Comme on a eu beaucoup de problèmes lors des huit dernières années. Par rapport à la sélection nationale et les non-participations à la Coupe du Monde et à l'Euro, la qualification pour la phase finale du Mondial russe c'était la priorité. Et cette sélection a réussi à se qualifier. C'était très important pour le football serbe, la fédération et les gens qui attendaient ce résultat. Maintenant, nous sommes dans un groupe où le Brésil est le favori numéro un. Mais avec la Suisse et le Costa-Rica, je pense qu'on peut se battre pour la deuxième place. Ce que j'attends ? Comme tout le monde en Serbie, une qualification pour les 8es de finale au minimum. Ça sera déjà un bon résultat pour nous. Face aux Suisses et Costaricains, c'est jouable. 

Aujourd'hui, la sélection est dirigée par Mladen Krstajic, un jeune coach. Il a été nommé en fin d'année dernière, en remplacement de Savo Muslin. Mais votre nom a alors circulé. Est-ce vrai que vous avez alors eu la possibilité de prendre en main cette sélection ?

C'est vrai. Mais comme je suis à Guangzhou et que j'ai signé un contrat ici, c'est difficile de faire deux choses à la fois. Je suis concentré sur mon travail au quotidien ici. Il y avait alors l'opportunité de la prendre sélection juste pour deux mois et la qualifier pour le Mondial, mais j'ai trouvé que ce n'était pas très sérieux. Parce que si je suis occupé dans un endroit, je dois être essentiellement concentré sur cette tâche. Vu que j'étais lié à Guangzhou, c'était donc impossible. 

La fédération serbe ne vous proposait donc que deux mois ?

Non, ce n'est pas ça. On a parlé de plein de choses et quand ils ont vu mon contrat et le fait que j'étais engagé ailleurs, ils ont tenté de trouver une solution intermédiaire.
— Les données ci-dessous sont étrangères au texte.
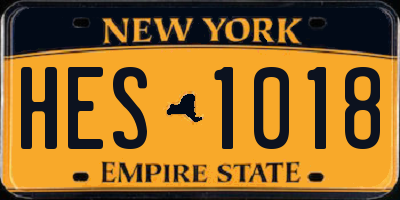 NY license plate HES1018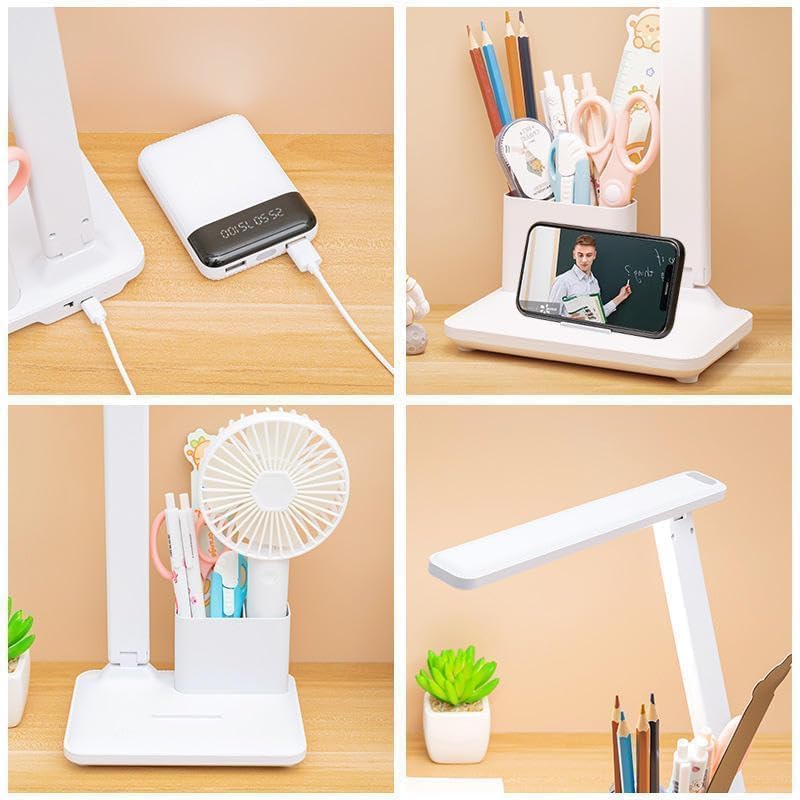 Lavnik LED Desk Lamp with Pen Phone Holder USB Rechargeable Reading Light with 3 Color Modes for Home Office Dorm White Stepless Dimming Desk Lamp Eye Caring Small Study Lamp for Dorm Bedroom - Image 3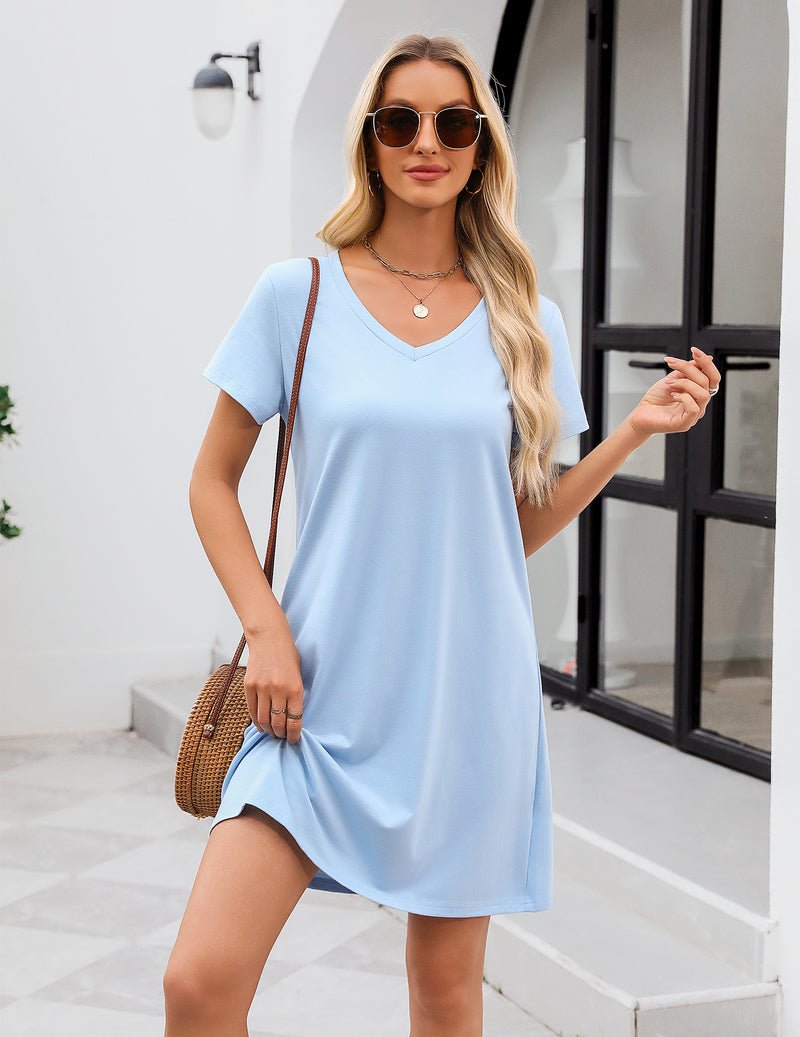 Light blue cotton nightgown V-neck sleep shirt dress with short sleeves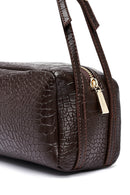 Women's Brown Crocodile Patterned Shoulder Bag | Derimod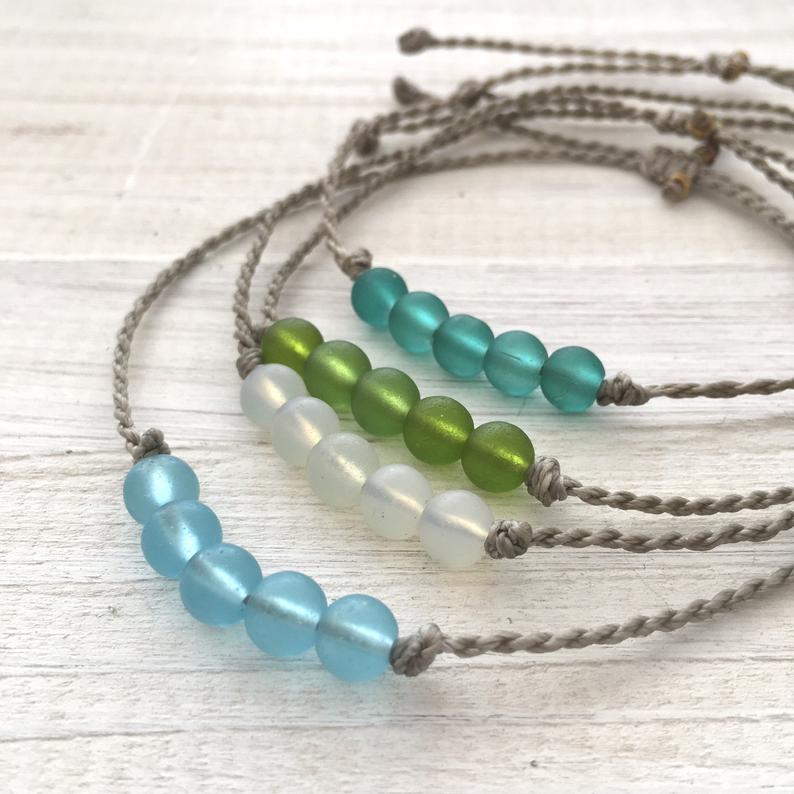 Cinco Sea Glass Ball Beach Bracelet or Anklet picture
Mais, cela ne m'arrangeait pas. Et pour ce qui est de Mladen Krstajic, c'est mon ami et il a joué avec moi en sélection. C'est un ancien joueur et qui a du vécu. C'est vrai que comme entraineur c'est un peu difficile. Mais c'est le choix de la Fédération. Je pense qu'il va faire de bonnes choses. 

Vous avez été capitaine de la Serbie comme joueur. En devenir le sélectionneur, est-ce un objectif ? 

Pour le moment, je pense juste à Guangzhou. J'ai un contrat de quatre ans ici et toute mon attention est dirigée vers ce club. Après, dans le futur, tout est possible bien sûr. On verra.